Simple statistics

The weather on a summer's day (Graz August 1st 2011)

The data set to the following example can be found at http://systems-sciences.uni-graz.at/etextbook/data-metUG.csv. You can view and analyze the data in a common spreadsheet program or an text editor. The data is arranged in columns, the first row is the header (no data), the second row is the data description.

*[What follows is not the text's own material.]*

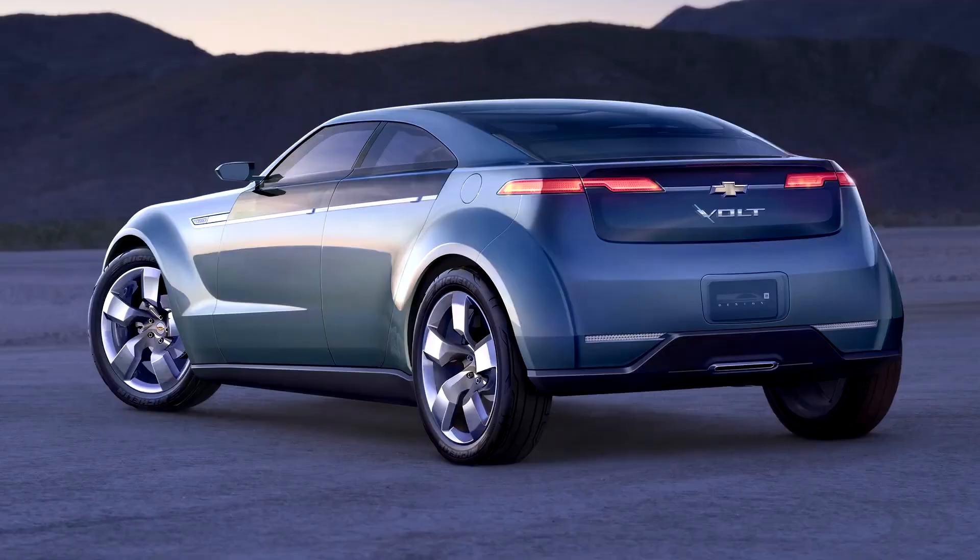The Chevrolet Volt Concept car debuted at the January 2007 North American International Auto Show, becoming the first ever series plug-in hybrid concept car shown by a major car manufacturer.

From the third row onwards the data lists various meteorological variables: 10-minute averages for temperature and relative humidity and 10-minute totals for precipitation and sunshine duration.

In the following, the programming language Python (https://www.python.org/) and its open source data analytics library Pandas (http://pandas.pydata.org/) is deployed to acces this data, to visualize it and to perform basic statistical analysis on it.

In [4]:
# import required library
import pandas as pd

#import and read data
# convert data into Pandas DataFrame
df = pd.DataFrame(da)
# show first 5 instances of data

date time temperature (C) rel. humidity (%) sunshine duration (min) precipitation (mm)
0 01.08.2011 00:00 16.1 90.6 0 0
1 01.08.2011 00:10 16.0 90.8 0 0
2 01.08.2011 00:20 16.0 91.0 0 0
3 01.08.2011 00:30 16.1 90.9 0 0
4 01.08.2011 00:40 16.0 90.8 0 0

5 rows × 6 columns

In [5]:
# show 43rd to 47th instance of data

date time temperature (C) rel. humidity (%) sunshine duration (min) precipitation (mm)
43 01.08.2011 07:10 16.6 89.3 0.0 0.1
44 01.08.2011 07:20 16.6 89.4 0.0 0.0
45 01.08.2011 07:30 16.7 88.6 0.9 0.0
46 01.08.2011 07:40 17.0 87.0 10.0 0.0
47 01.08.2011 07:50 17.4 84.2 10.0 0.0

5 rows × 6 columns

In [6]:
# show last 3 instances of data

date time temperature (C) rel. humidity (%) sunshine duration (min) precipitation (mm)
141 01.08.2011 23:30 17.2 94.5 0 0
142 01.08.2011 23:40 17.2 94.5 0 0
143 01.08.2011 23:50 17.2 94.6 0 0

3 rows × 6 columns

Optical data analysis

At first, we use graphics to determine which meteorological variables are strongly correlated.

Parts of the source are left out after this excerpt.